Compare level, chase and mixed capacity strategies and learn how each approach manages production output, workforce costs and inventory in response to demand variability.

Demand is rarely constant. For operations managers, the central question is how production capacity should respond to that variability — and each answer involves a different set of trade-offs between cost, efficiency and customer service.

The Options

Level Strategy

Maintaining a constant rate of production regardless of demand fluctuations. Output is smoothed over time, which maximises equipment and workforce utilisation and keeps unit costs low. The consequence is that inventory builds in slow periods and is drawn down in peak periods — requiring sufficient storage capacity and working capital to hold that stock.

Chase Strategy

Adjusting production output to match demand as closely as possible. Inventory stays low, which minimises carrying costs, but achieving this requires flexible capacity — whether through workforce flexibility (overtime, temporary staff, shift pattern changes) or equipment that can be scaled up and down. Chase strategies can lead to higher unit costs due to overtime premiums and the inefficiency of variable production rates.

Mixed (Hybrid) Strategy

Combining elements of both: using a stable core capacity to meet baseline demand, and flexing a smaller portion of capacity to handle peaks. This approach attempts to capture the cost benefits of level production whilst retaining some responsiveness. It is the most commonly adopted model in practice and works well where demand variability is moderate and predictable.

Why It Matters in Practice

Capacity strategy is fundamentally a decision about where to absorb demand variability — in inventory (level), in the workforce and equipment (chase), or split between the two (mixed). The right answer depends on your product's shelf life, storage cost, workforce flexibility, customer lead time expectations and the cost of overtime versus carrying inventory.

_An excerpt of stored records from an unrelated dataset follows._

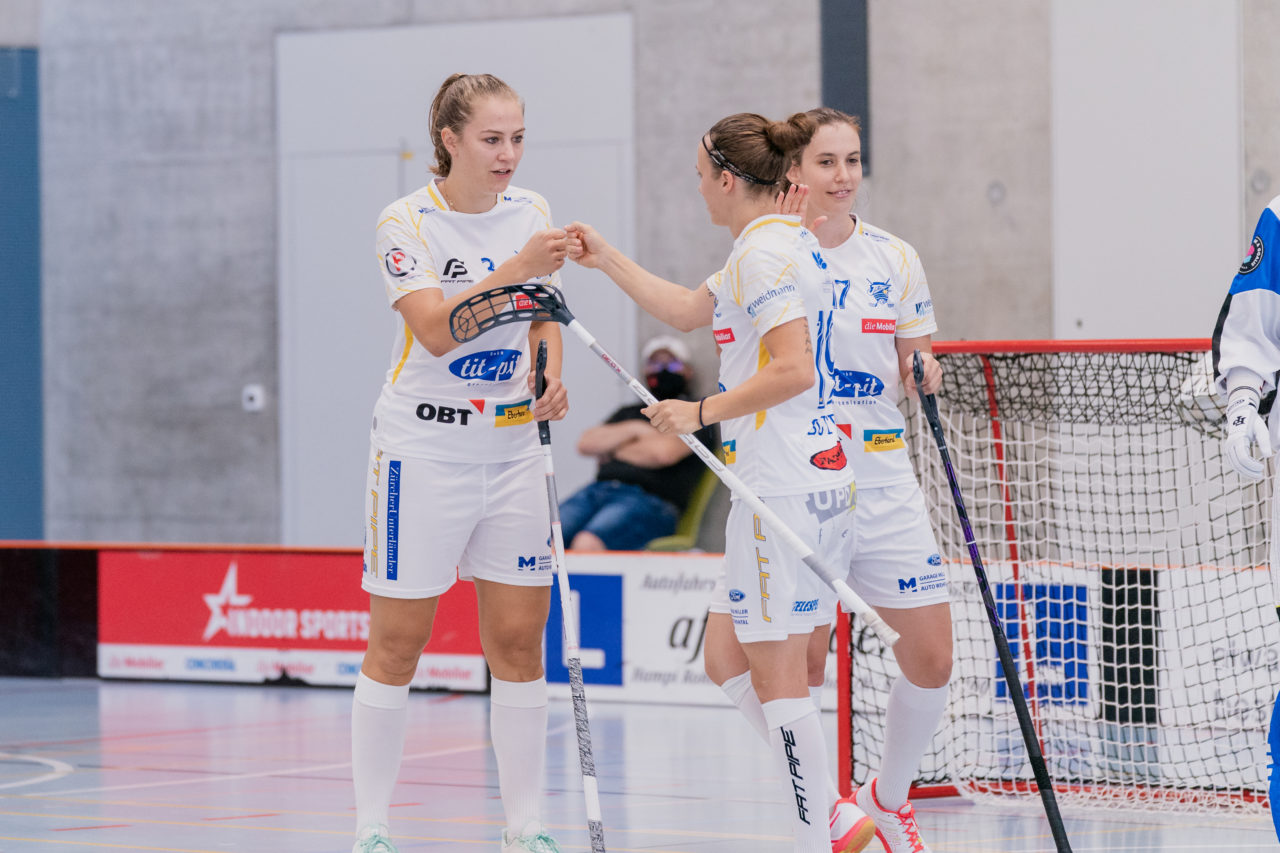 Frauen NLA 1. Runde 2020/21, Switzerland: 12.09.2020, Frauenfeld, Kantihalle, Natalie Schürpf (Nr. 3, Kloten-Dietlikon Jets) klatscht mit Julia Suter (Nr. 19, Kloten-Dietlikon Jets) ab

Credit: Claudio Schwarz, unihockey-fotos.ch
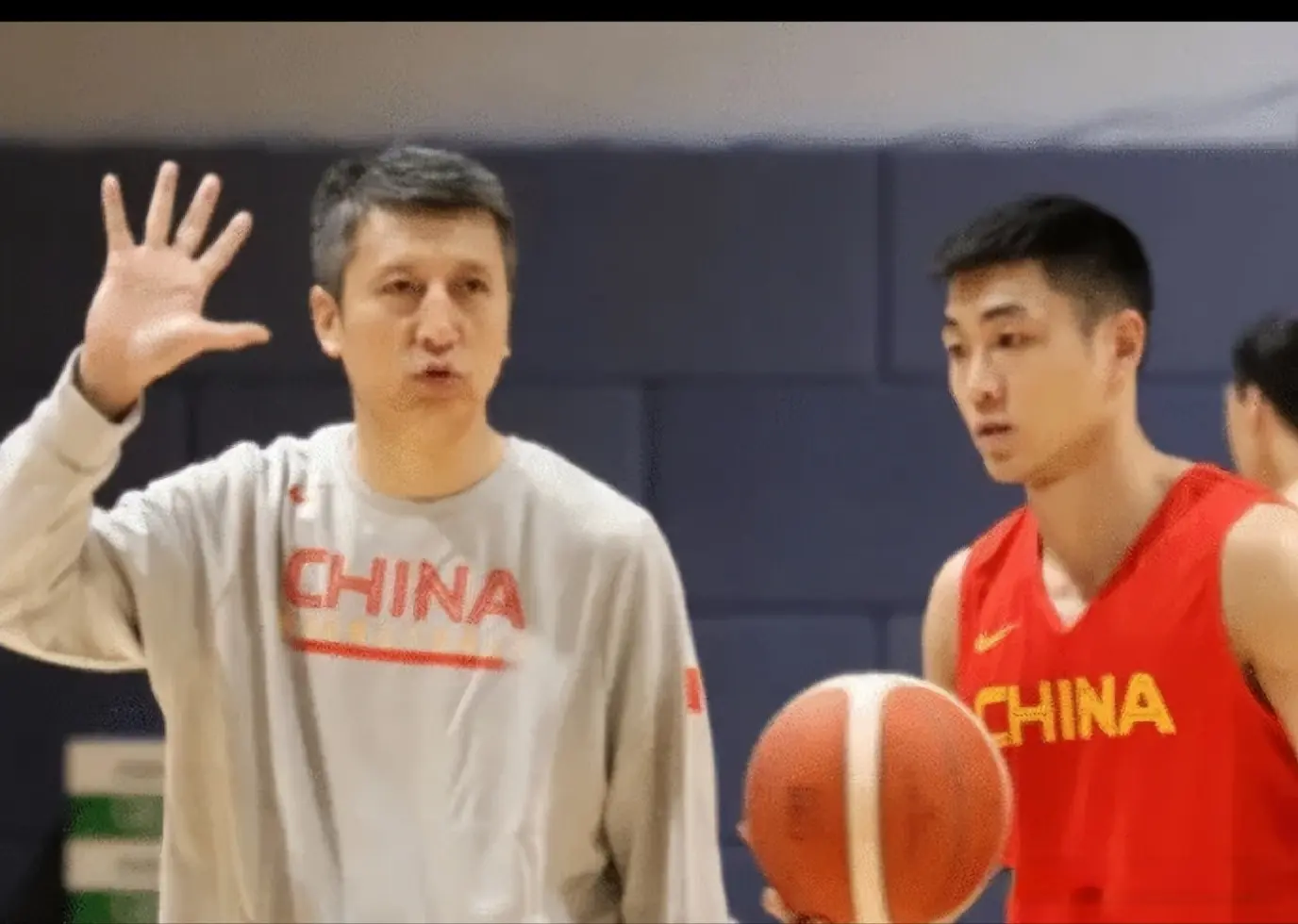 中国男篮热身赛挑战苦主，阵容不完整，郭士强能指望谁，央视直播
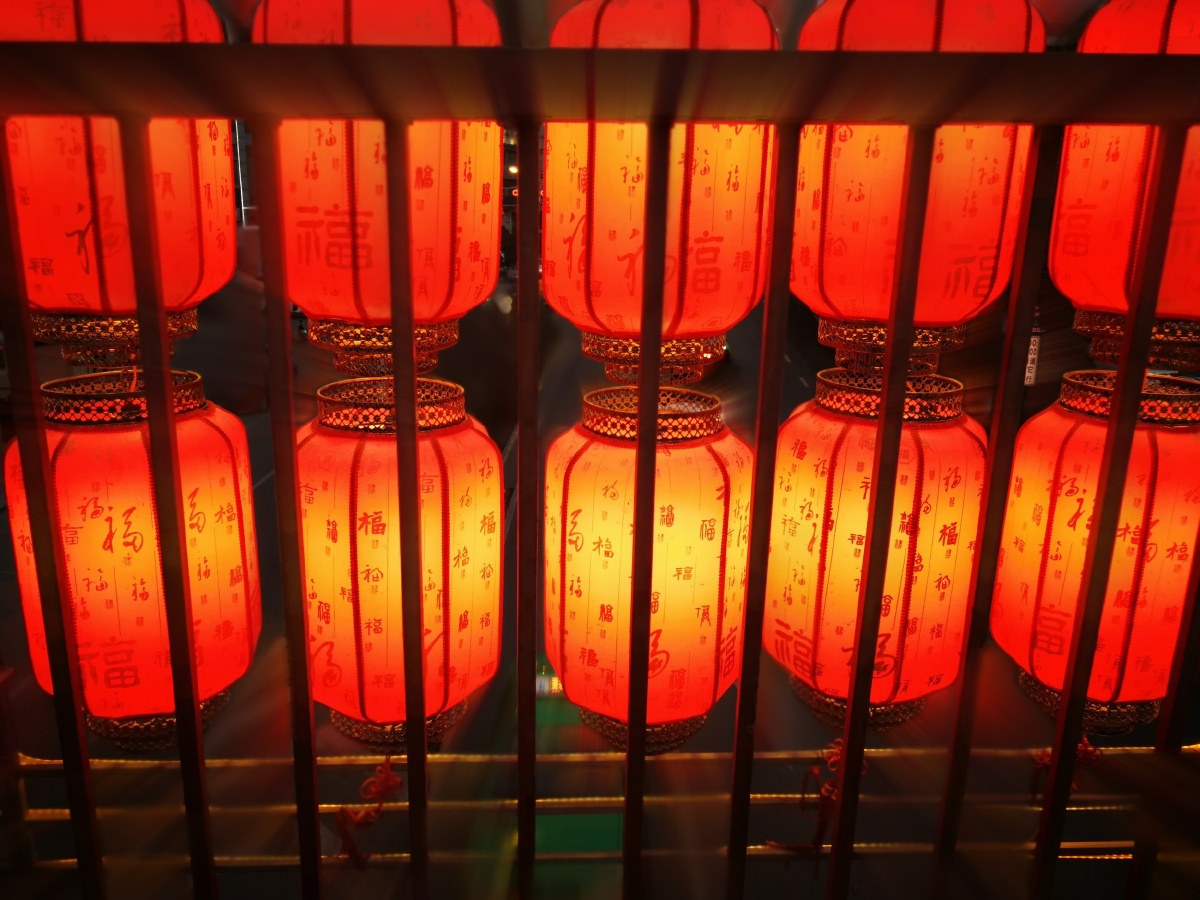 西安街道天桥上的福灯灬秦灬关注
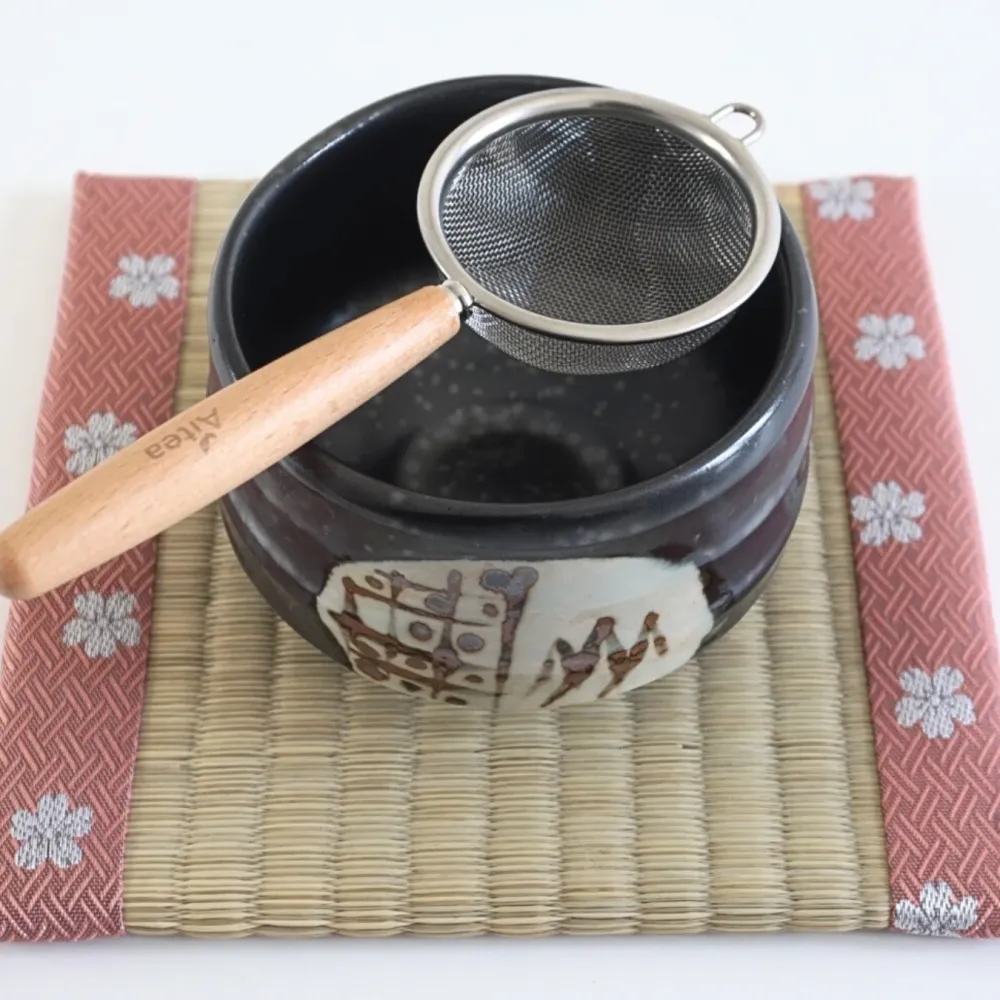 Tamis à matcha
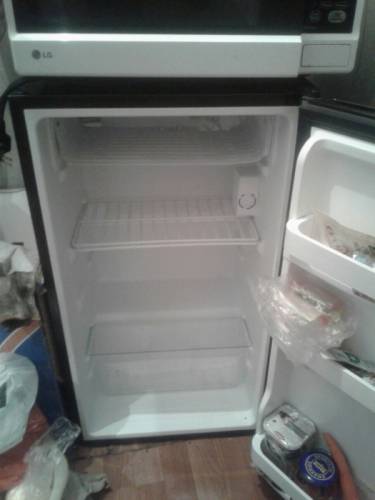 Продам компактный холодильник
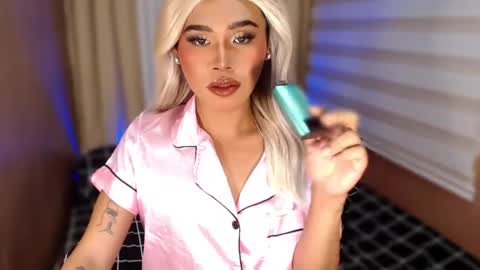 Snapshot of tiara_perezx chatting on October 16, 2025, 5:47 pm Sam online show from October 16, 2025, 5:47 pm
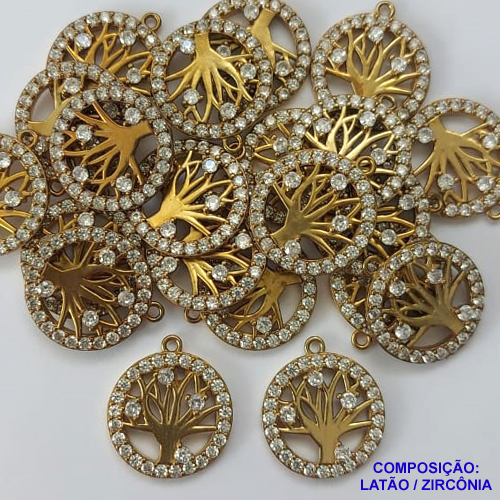 PINGENTE NO BRUTO PRONTO PARA O BANHO (CX33)- PINGENTE REDONDO VAZADO ARVORE DA VIDA COM MICRO ZIRCÔNIAS - COMPOSIÇÃO: LATÃO / ZIRCÔNIA - TAMANHO 19MM - (VENDIDO POR UNIDADE) PESO TOTAL 2,9GR - BRU0001587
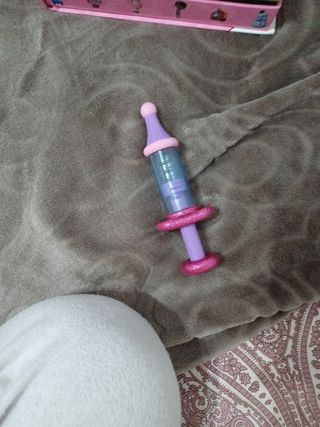 maletín y libro de la doctora juguetes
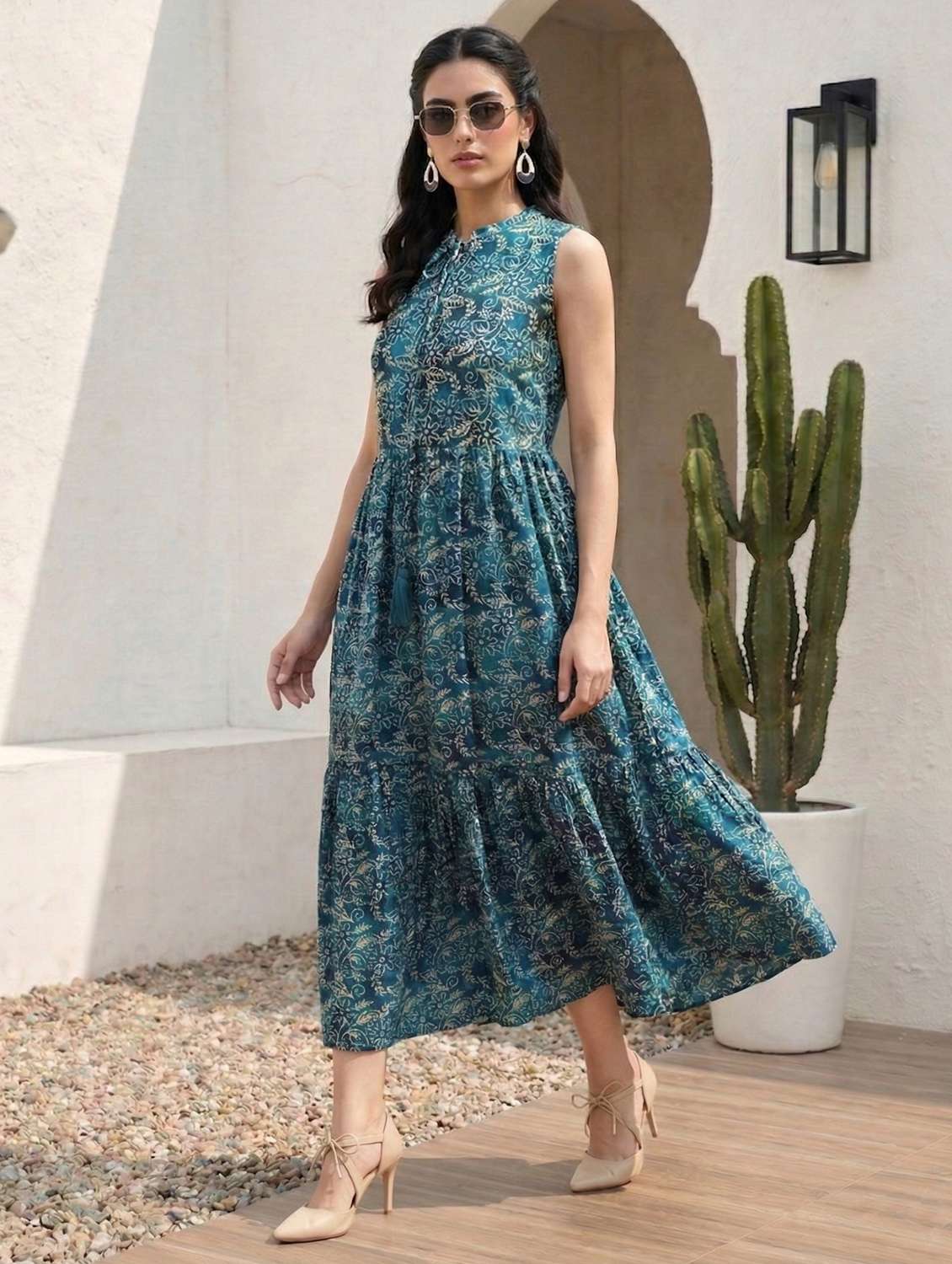 women printed sleeveless midi tiered dress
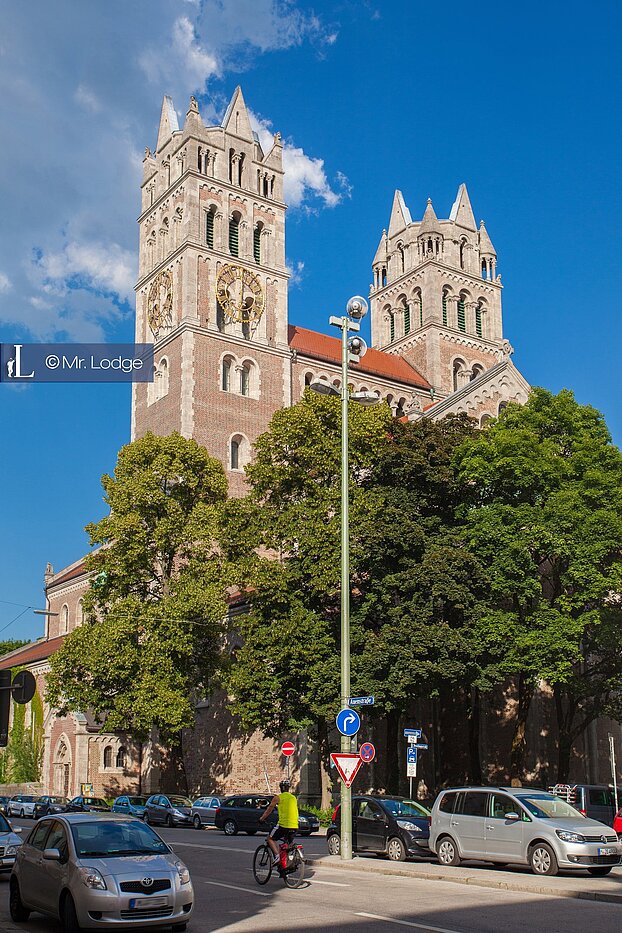 Ravna stran s spletno stranjo . 2 Sobe | München-Isarvorstadt | 1709ML2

Seasonal industries — food, retail, tourism — often have no choice but to incorporate significant chase elements. High-value, low-volume manufacturers may find that level production makes far more sense economically.

In the Simulation

In MyEdMentor, your capacity strategy choice affects your inventory cost, unit production cost and service level KPIs. Level strategy scores well on unit cost but accumulates inventory cost in low-demand turns. Chase strategy keeps inventory lean but triggers overtime cost events when demand spikes. Mixed strategy tends to perform most consistently across the full run, particularly when paired with good demand forecasting.